:: WHAT THE TASK REQUIRES ::
Among the entries below, which lines run from the line with "Подержанный автомобиль Audi" through the line with "1.90ct Shield Royal"? Retype those, both ends included, exactly and without pictures.

:: DATA SHOWN ::

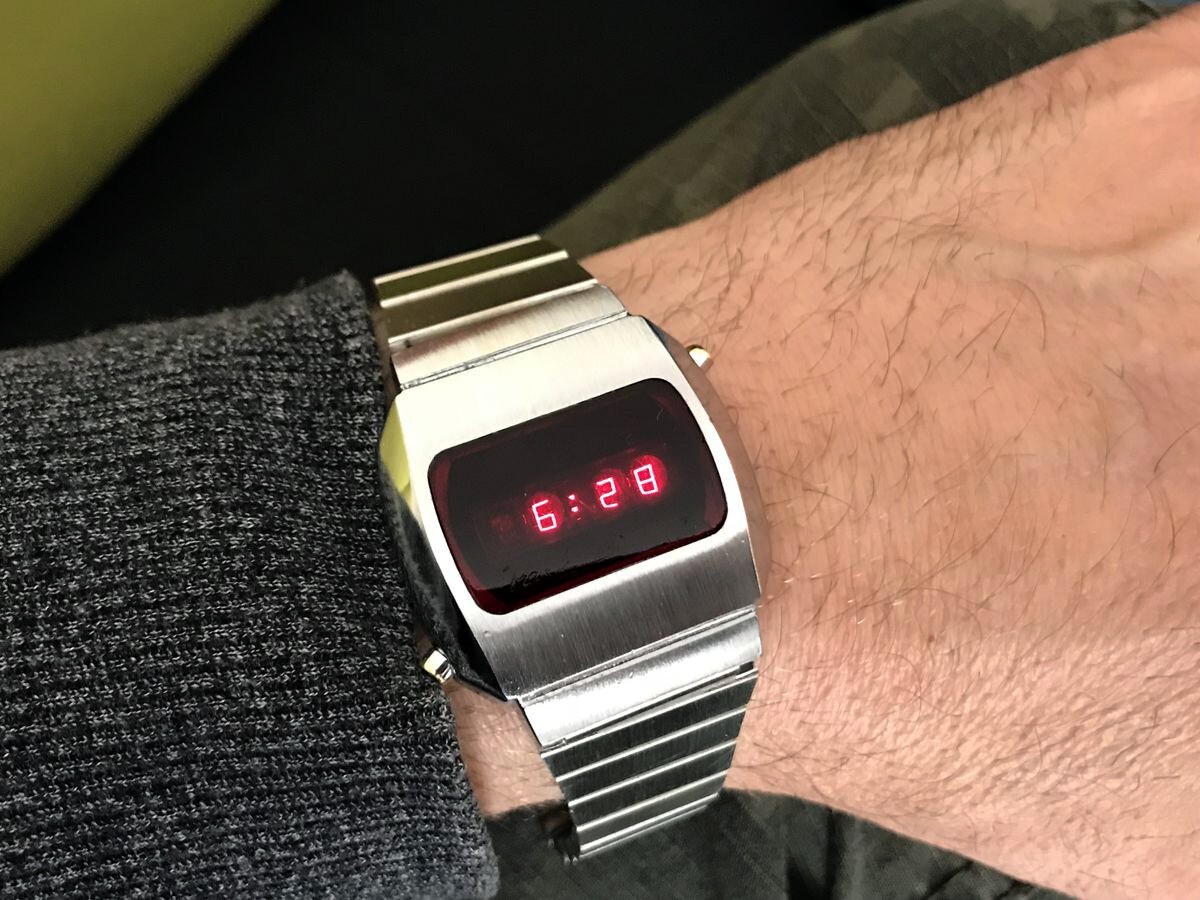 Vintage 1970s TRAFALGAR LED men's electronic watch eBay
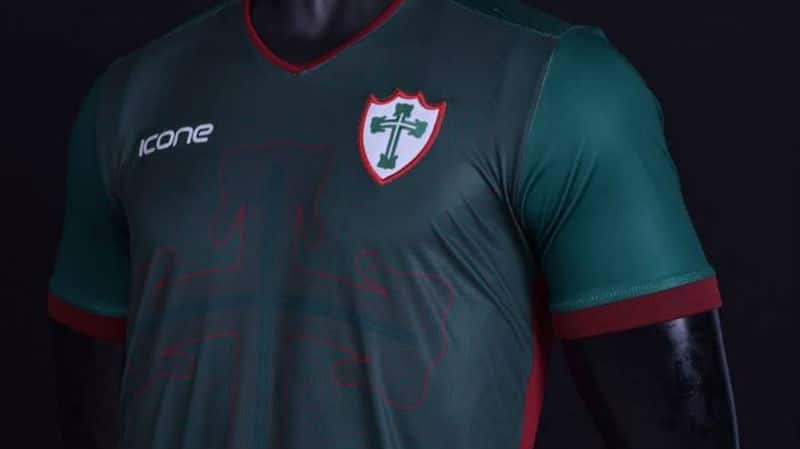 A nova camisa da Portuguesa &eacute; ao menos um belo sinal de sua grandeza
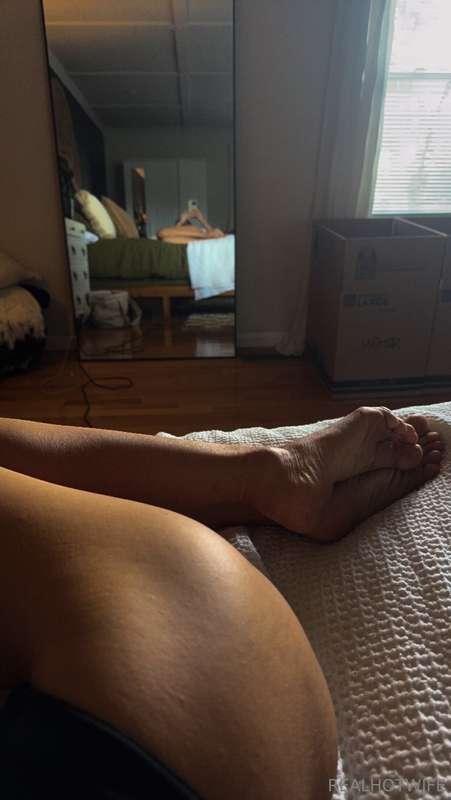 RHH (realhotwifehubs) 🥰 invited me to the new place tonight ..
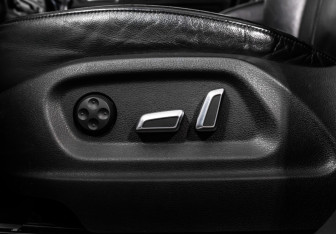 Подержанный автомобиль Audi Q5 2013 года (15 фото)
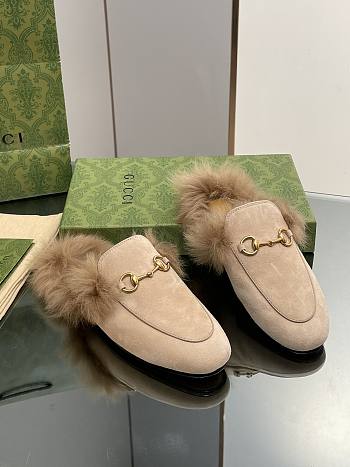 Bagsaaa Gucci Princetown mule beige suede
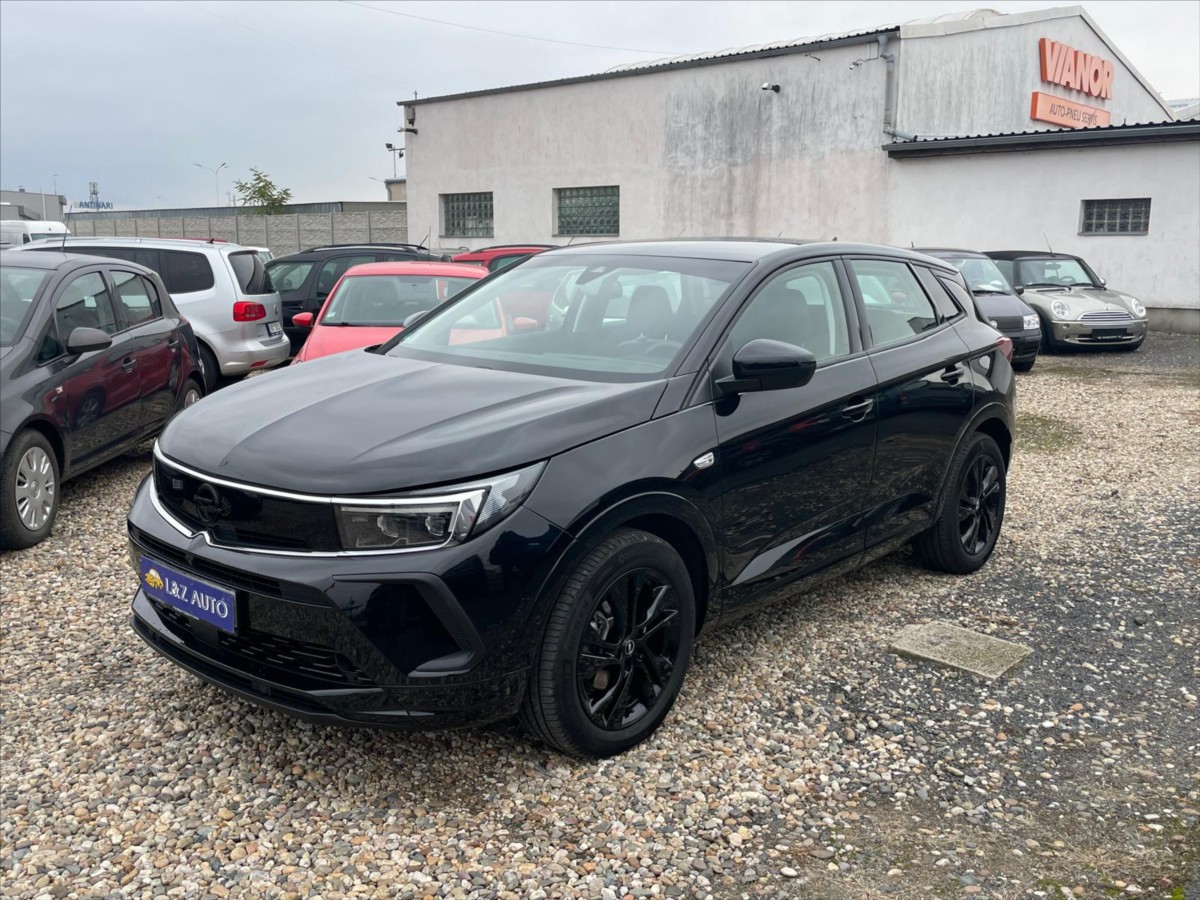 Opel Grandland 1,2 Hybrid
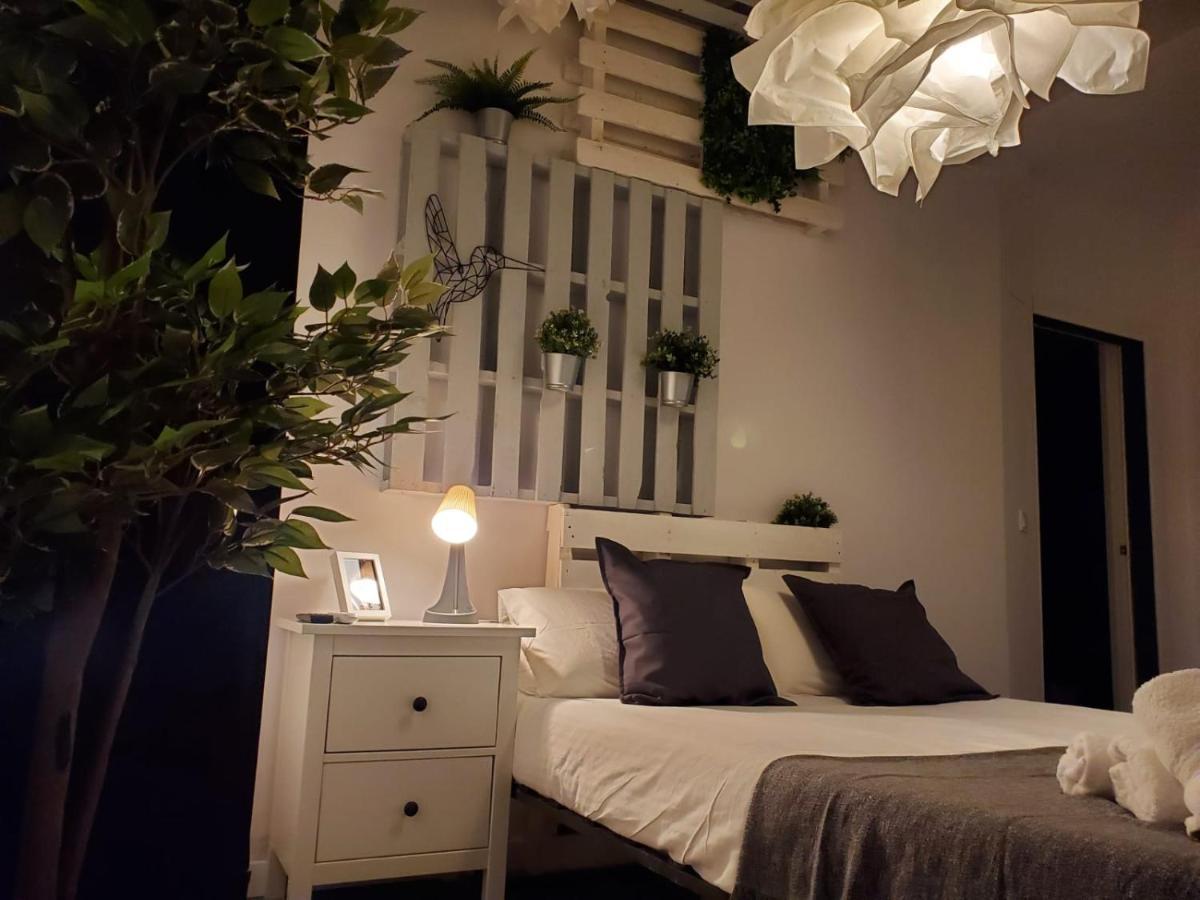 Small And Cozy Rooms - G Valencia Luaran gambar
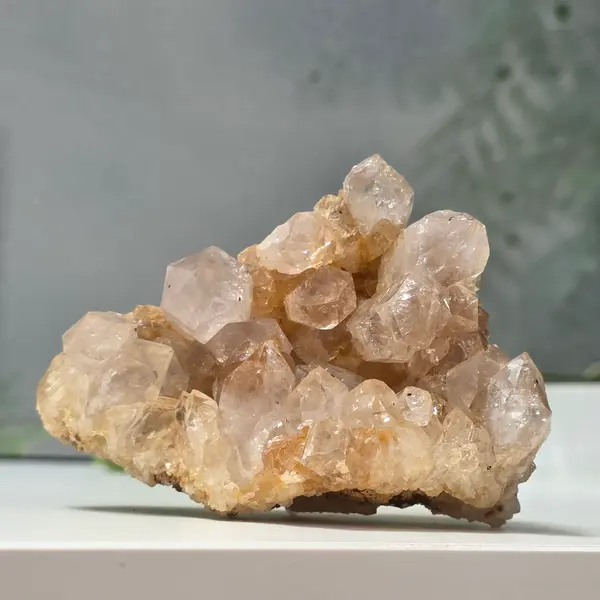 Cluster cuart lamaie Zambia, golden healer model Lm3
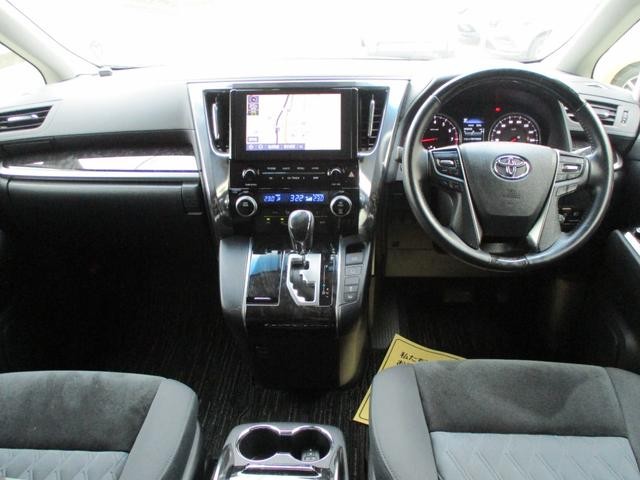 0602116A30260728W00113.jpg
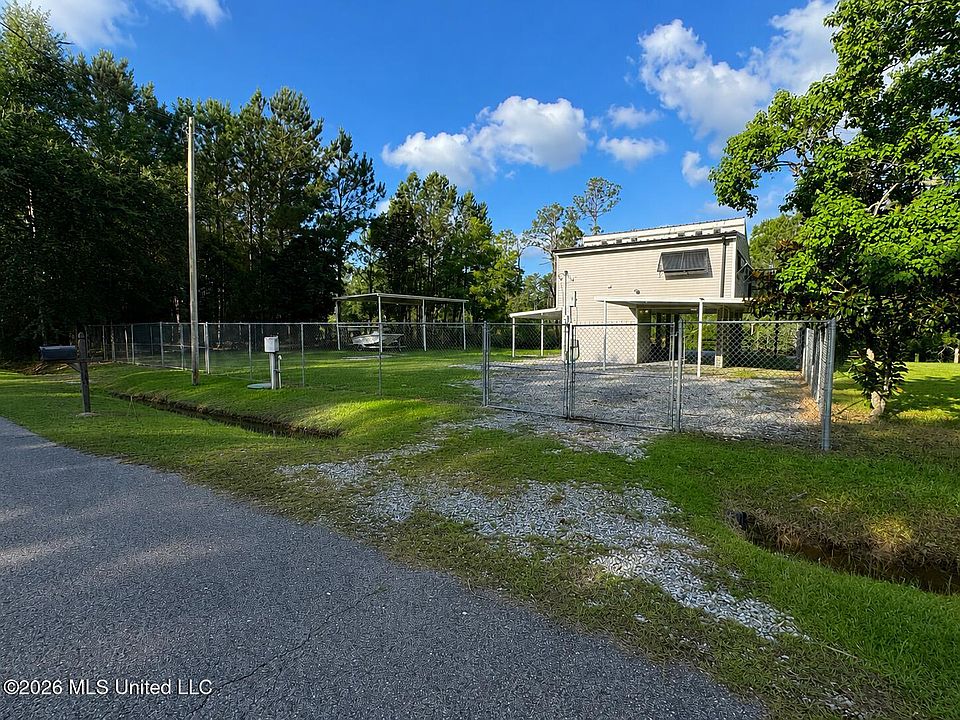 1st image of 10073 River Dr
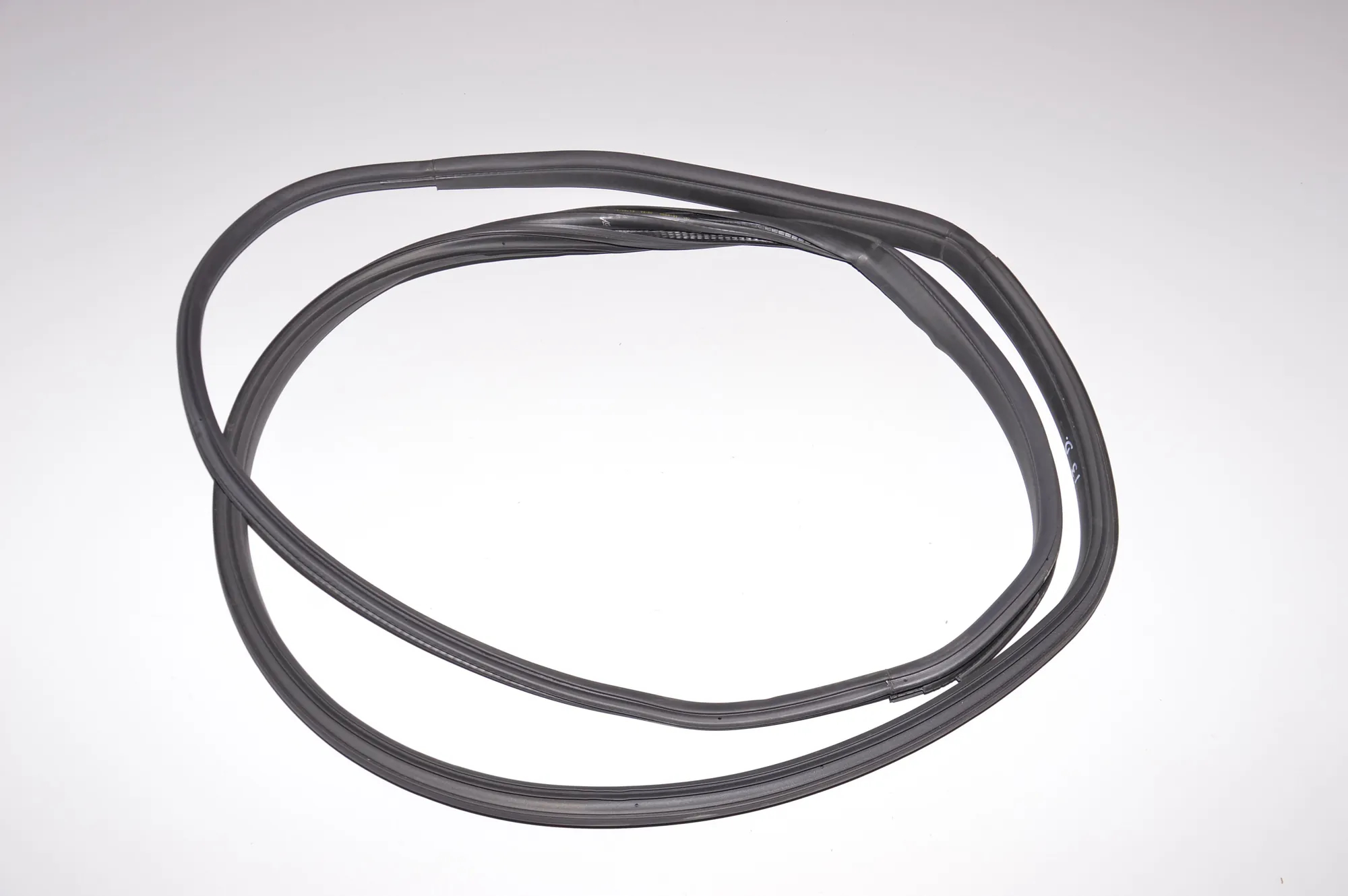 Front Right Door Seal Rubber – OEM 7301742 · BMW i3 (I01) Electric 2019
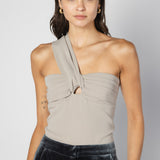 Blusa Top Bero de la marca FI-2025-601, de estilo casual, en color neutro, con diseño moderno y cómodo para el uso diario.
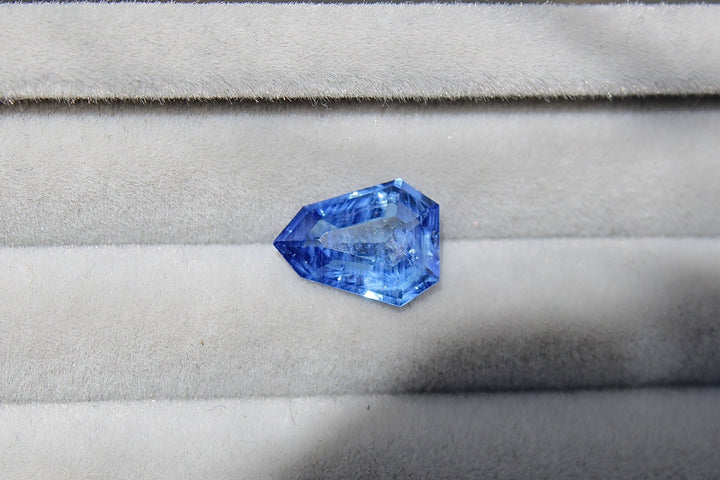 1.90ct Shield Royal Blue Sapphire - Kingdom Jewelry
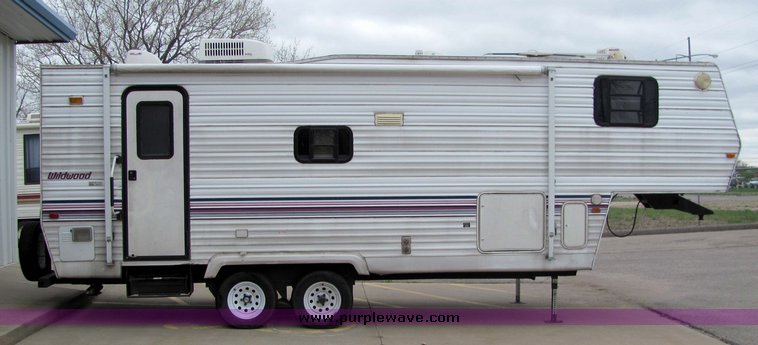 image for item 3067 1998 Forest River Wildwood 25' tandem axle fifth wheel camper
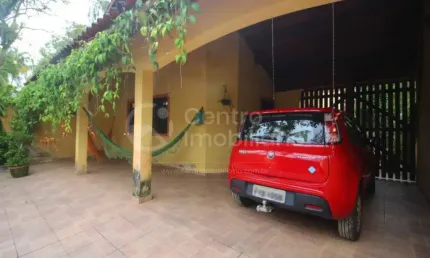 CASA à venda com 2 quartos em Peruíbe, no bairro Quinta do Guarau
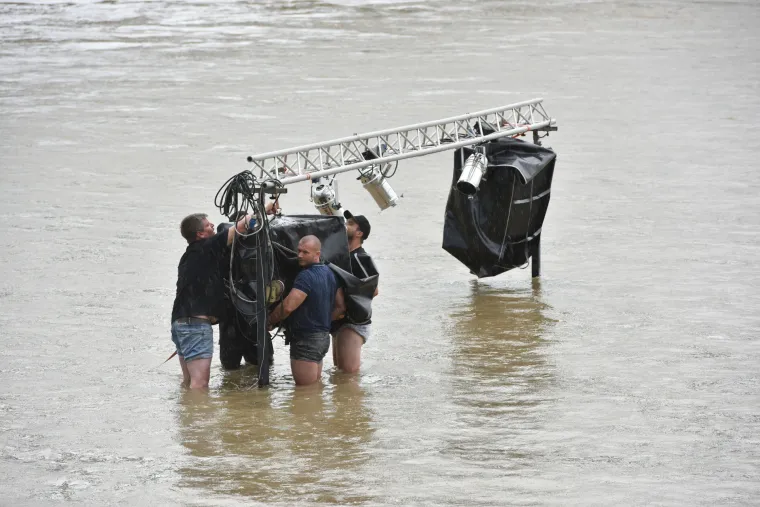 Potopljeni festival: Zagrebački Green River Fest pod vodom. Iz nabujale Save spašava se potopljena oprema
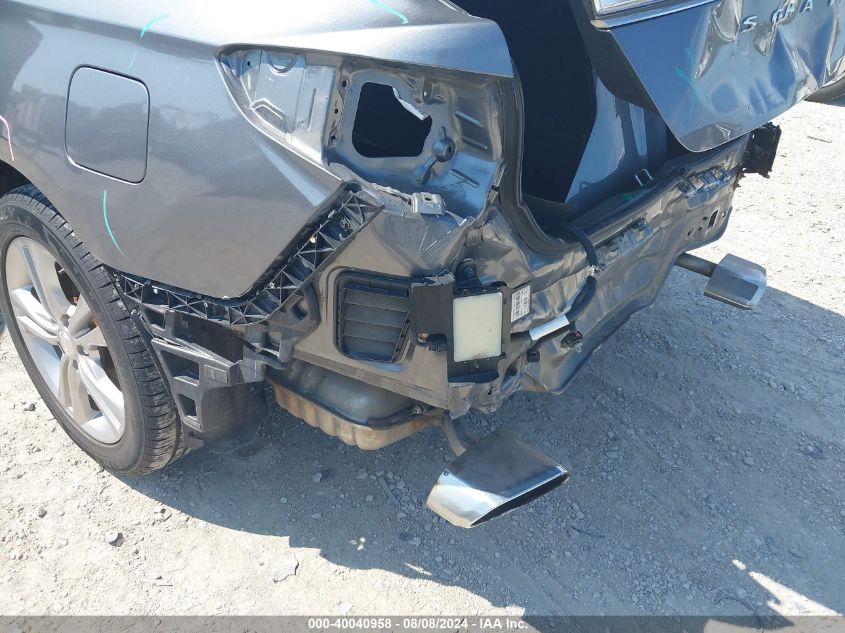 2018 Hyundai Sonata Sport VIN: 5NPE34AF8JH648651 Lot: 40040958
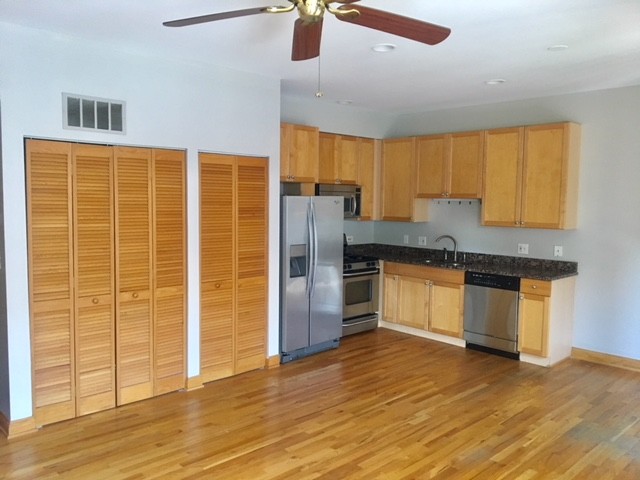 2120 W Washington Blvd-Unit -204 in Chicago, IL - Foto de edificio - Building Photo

:: WRITTEN RESPONSE ::
 Подержанный автомобиль Audi Q5 2013 года (15 фото)
 Bagsaaa Gucci Princetown mule beige suede
 Opel Grandland 1,2 Hybrid
 Small And Cozy Rooms - G Valencia Luaran gambar
 Cluster cuart lamaie Zambia, golden healer model Lm3
 0602116A30260728W00113.jpg
 1st image of 10073 River Dr
 Front Right Door Seal Rubber – OEM 7301742 · BMW i3 (I01) Electric 2019
 Blusa Top Bero de la marca FI-2025-601, de estilo casual, en color neutro, con diseño moderno y cómodo para el uso diario.
 1.90ct Shield Royal Blue Sapphire - Kingdom Jewelry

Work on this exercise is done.